- Born: 1965 (age 60–61) Toronto, Ontario, Canada
- Education: Queen's University; York University;
- Known for: Curator, educator

= Michelle Jacques (curator) =

Canadian curator (born 1965)

Michelle Jacques (born 1965) is a Canadian curator and educator known for her expertise in combining historical and contemporary art, and for her championship of regional artists. Originally from Ontario, born in Toronto to parents of Caribbean origin, who immigrated to Canada in the 1960s, she is now based in Saskatoon, Saskatchewan.

== Education ==
Jacques studied at Queen's University in Kingston, Ontario, where she obtained a B.A. in art history and psychology, and at York University, where she earned her M.A.

== Career ==
Jacques worked at the Art Gallery of Ontario for a number of years, holding positions including Assistant Curator of Contemporary Art and Acting Curator of Canadian Art. She was the Director of Programming at the Centre for Art Tapes in Halifax, Nova Scotia from 2002 to 2004. In 2012, she was named as the Chief Curator of the Art Gallery of Greater Victoria (AGGV). Jacques was named Head of Exhibitions & Collections/Chief Curator at Remai Modern in Saskatoon in 2020.

At the AGGV, she curated exhibitions of the work of contemporary artists including Carol Sawyer, Rodney Sayers and Emily Luce, Gwen MacGregor, and Hiraki Sawa, among others; and co-curated retrospective exhibitions of the work of the Canadian artists Anna Banana and Jock Macdonald. In the 2019 exhibition Unformable Things, she examined the work of Emily Carr alongside her Canadian contemporaries.

Jacques has taught writing and curatorial topics at institutions including NSCAD University, the University of Toronto Mississauga, and OCAD University.

She has also served on the board of numerous visual art organizations including Vtape, the Feminist Art Gallery and Mercer Union. In 2019, she was appointed as the inaugural vice-president, inclusion and outreach, of the Association of Art Museum Curators, a New York-based group that supports and promotes curatorial work around the world.

In 2021, she was one of the participants in John Greyson's experimental short documentary film International Dawn Chorus Day.

== Critical and curatorial writing ==
As an extension of her curatorial practice, Jacques has authored and co-authored numerous exhibition catalogues.
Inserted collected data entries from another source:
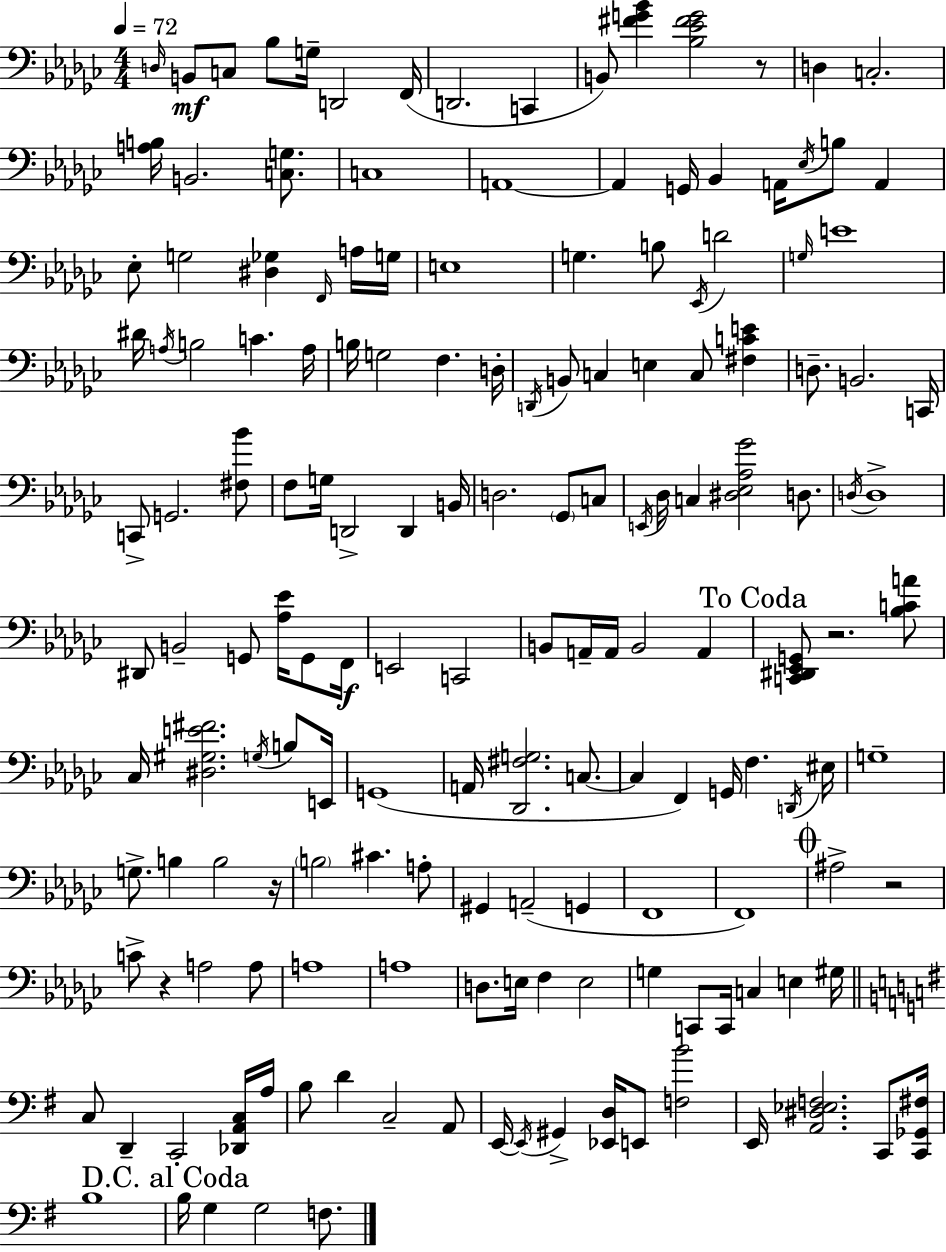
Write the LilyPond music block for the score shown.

{
  \clef bass
  \numericTimeSignature
  \time 4/4
  \key ees \minor
  \tempo 4 = 72
  \repeat volta 2 { \grace { d16 }\mf b,8 c8 bes8 g16-- d,2 | f,16( d,2. c,4 | b,8) <fis' g' bes'>4 <bes ees' fis' g'>2 r8 | d4 c2.-. | \break <a b>16 b,2. <c g>8. | c1 | a,1~~ | a,4 g,16 bes,4 a,16 \acciaccatura { ees16 } b8 a,4 | \break ees8-. g2 <dis ges>4 | \grace { f,16 } a16 g16 e1 | g4. b8 \acciaccatura { ees,16 } d'2 | \grace { g16 } e'1 | \break dis'16 \acciaccatura { a16 } b2 c'4. | a16 b16 g2 f4. | d16-. \acciaccatura { d,16 } b,8 c4 e4 | c8 <fis c' e'>4 d8.-- b,2. | \break c,16 c,8-> g,2. | <fis bes'>8 f8 g16 d,2-> | d,4 b,16 d2. | \parenthesize ges,8 c8 \acciaccatura { e,16 } des16 c4 <dis ees aes ges'>2 | \break d8. \acciaccatura { d16 } d1-> | dis,8 b,2-- | g,8 <aes ees'>16 g,8 f,16\f e,2 | c,2 b,8 a,16-- a,16 b,2 | \break a,4 \mark "To Coda" <c, dis, ees, g,>8 r2. | <bes c' a'>8 ces16 <dis gis e' fis'>2. | \acciaccatura { g16 } b8 e,16 g,1( | a,16 <des, fis g>2. | \break c8.~~ c4 f,4) | g,16 f4. \acciaccatura { d,16 } eis16 g1-- | g8.-> b4 | b2 r16 \parenthesize b2 | \break cis'4. a8-. gis,4 a,2--( | g,4 f,1 | f,1) | \mark \markup { \musicglyph "scripts.coda" } ais2-> | \break r2 c'8-> r4 | a2 a8 a1 | a1 | d8. e16 f4 | \break e2 g4 c,8 | c,16 c4 e4 gis16 \bar "||" \break \key e \minor c8 d,4-- c,2-. <des, a, c>16 a16 | b8 d'4 c2-- a,8 | e,16~~ \acciaccatura { e,16 } gis,4-> <ees, d>16 e,8 <f b'>2 | e,16 <a, dis ees f>2. c,8 | \break <c, ges, fis>16 b1 | \mark "D.C. al Coda" b16 g4 g2 f8. | } \bar "|."
}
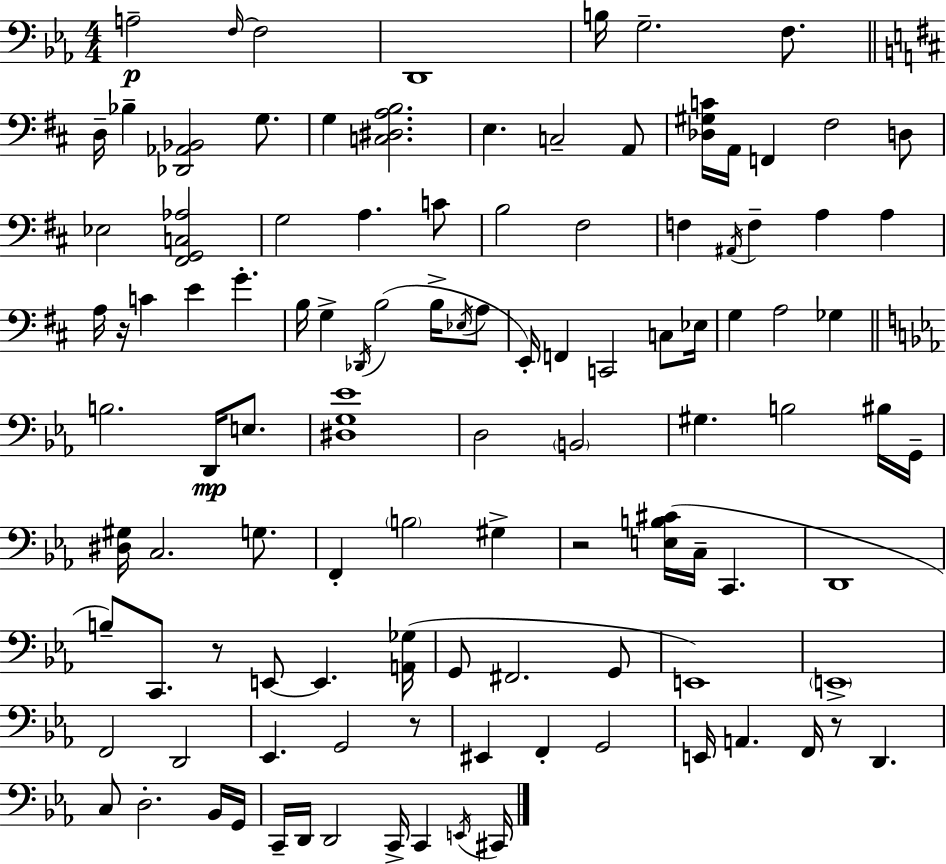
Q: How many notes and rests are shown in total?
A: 109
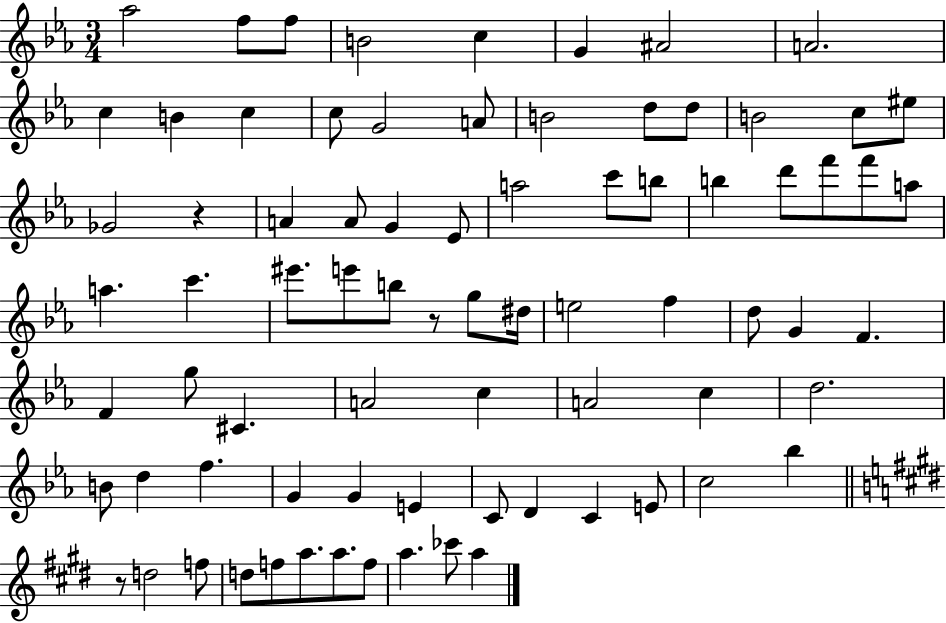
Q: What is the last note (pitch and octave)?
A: A5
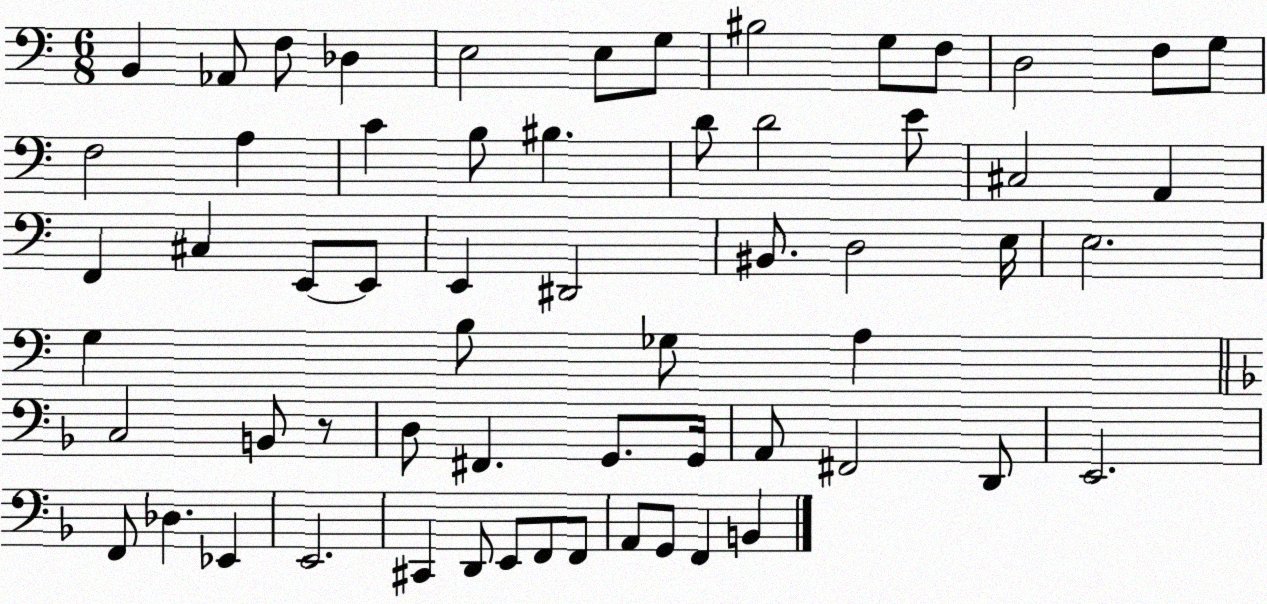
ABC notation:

X:1
T:Untitled
M:6/8
L:1/4
K:C
B,, _A,,/2 F,/2 _D, E,2 E,/2 G,/2 ^B,2 G,/2 F,/2 D,2 F,/2 G,/2 F,2 A, C B,/2 ^B, D/2 D2 E/2 ^C,2 A,, F,, ^C, E,,/2 E,,/2 E,, ^D,,2 ^B,,/2 D,2 E,/4 E,2 G, B,/2 _G,/2 A, C,2 B,,/2 z/2 D,/2 ^F,, G,,/2 G,,/4 A,,/2 ^F,,2 D,,/2 E,,2 F,,/2 _D, _E,, E,,2 ^C,, D,,/2 E,,/2 F,,/2 F,,/2 A,,/2 G,,/2 F,, B,,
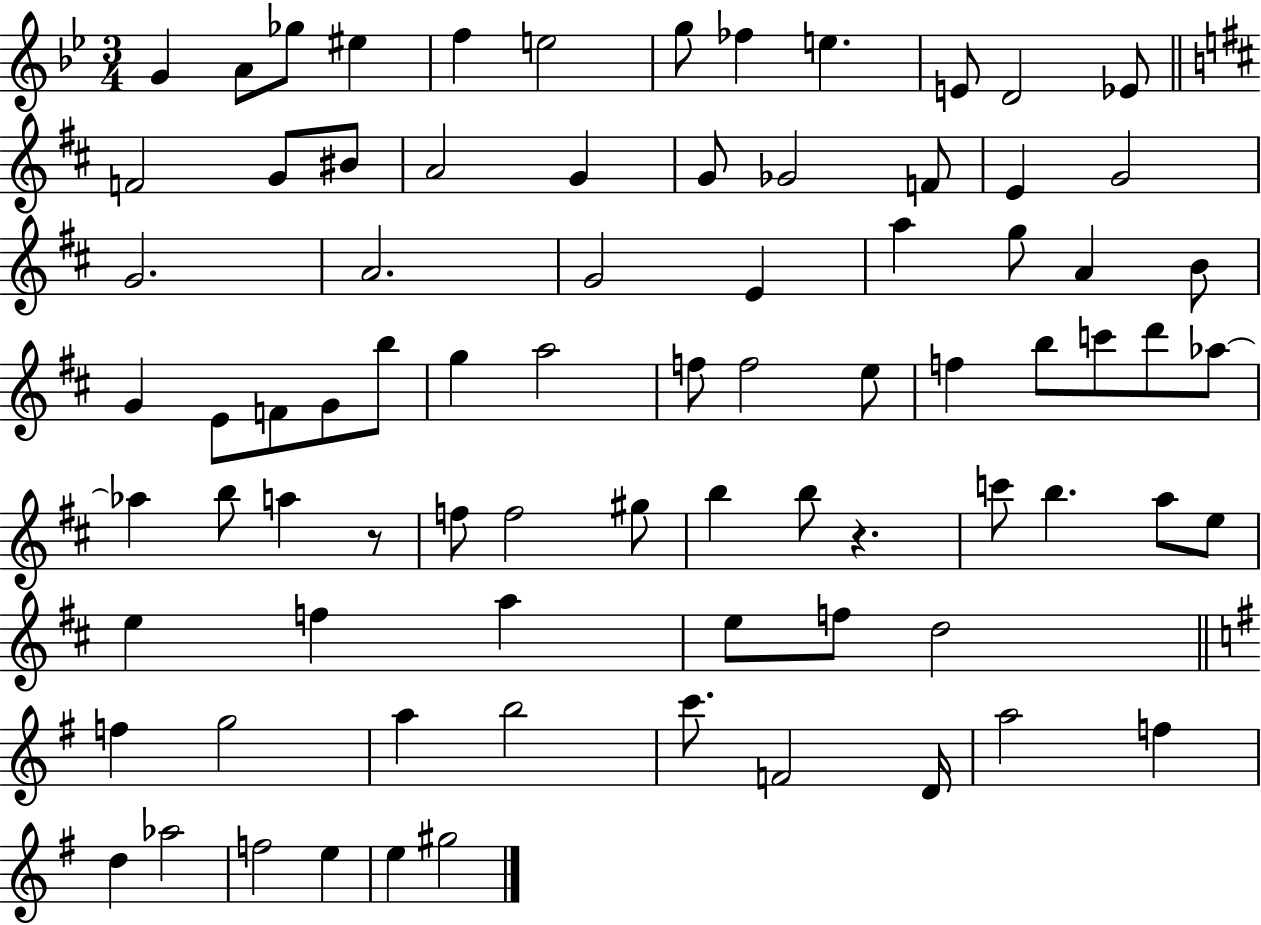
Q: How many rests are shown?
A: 2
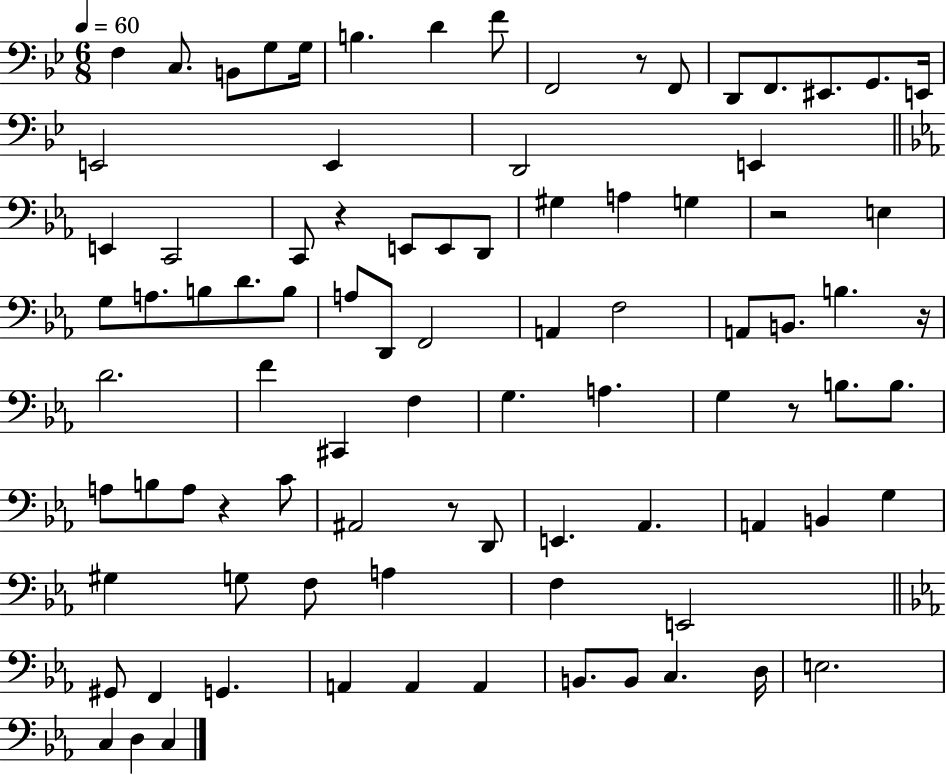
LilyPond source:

{
  \clef bass
  \numericTimeSignature
  \time 6/8
  \key bes \major
  \tempo 4 = 60
  \repeat volta 2 { f4 c8. b,8 g8 g16 | b4. d'4 f'8 | f,2 r8 f,8 | d,8 f,8. eis,8. g,8. e,16 | \break e,2 e,4 | d,2 e,4 | \bar "||" \break \key c \minor e,4 c,2 | c,8 r4 e,8 e,8 d,8 | gis4 a4 g4 | r2 e4 | \break g8 a8. b8 d'8. b8 | a8 d,8 f,2 | a,4 f2 | a,8 b,8. b4. r16 | \break d'2. | f'4 cis,4 f4 | g4. a4. | g4 r8 b8. b8. | \break a8 b8 a8 r4 c'8 | ais,2 r8 d,8 | e,4. aes,4. | a,4 b,4 g4 | \break gis4 g8 f8 a4 | f4 e,2 | \bar "||" \break \key c \minor gis,8 f,4 g,4. | a,4 a,4 a,4 | b,8. b,8 c4. d16 | e2. | \break c4 d4 c4 | } \bar "|."
}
She has also published essays, reviews, and interviews in magazines. This includes serving as a board member, writer, and a contributing editor at Fuse Magazine; and submissions to Chatelaine, Canadian Art, and Public Journal, among others.

== Juried art competitions ==
Jacques has sat as a juror on numerous art competitions. Recent examples include:

- The Scotiabank Photography Award, 2021
- The Salt Spring National Art Prize, 2021
- The Hnatyshyn Foundation Awards for Canadian Visual Artists and Curators, 2019
- Middlebrook Prize for Young Canadian Curators, 2019
- AIMIA | AGO Photography Prize, 2011

== Awards ==
- 2022 The Hnatyshyn Foundation Awards for Canadian Visual Artists and Curators
- In March 2024 Jacques was awarded the Governor General's Awards in Visual and Media Arts.
The Canada Council for the Arts stated at the time of presenting the Governor General's Award "Jacques's contributions to the field are formative and utterly unique. With unwavering commitment, intelligence, vision, wisdom, and above all poise and generosity of spirit, she is an inspiring role model, mentor, and creative thinker of the highest order. She thinks globally, contextually, and multi-disciplinarily, always embedded in the local and the current with the long view of entangled histories."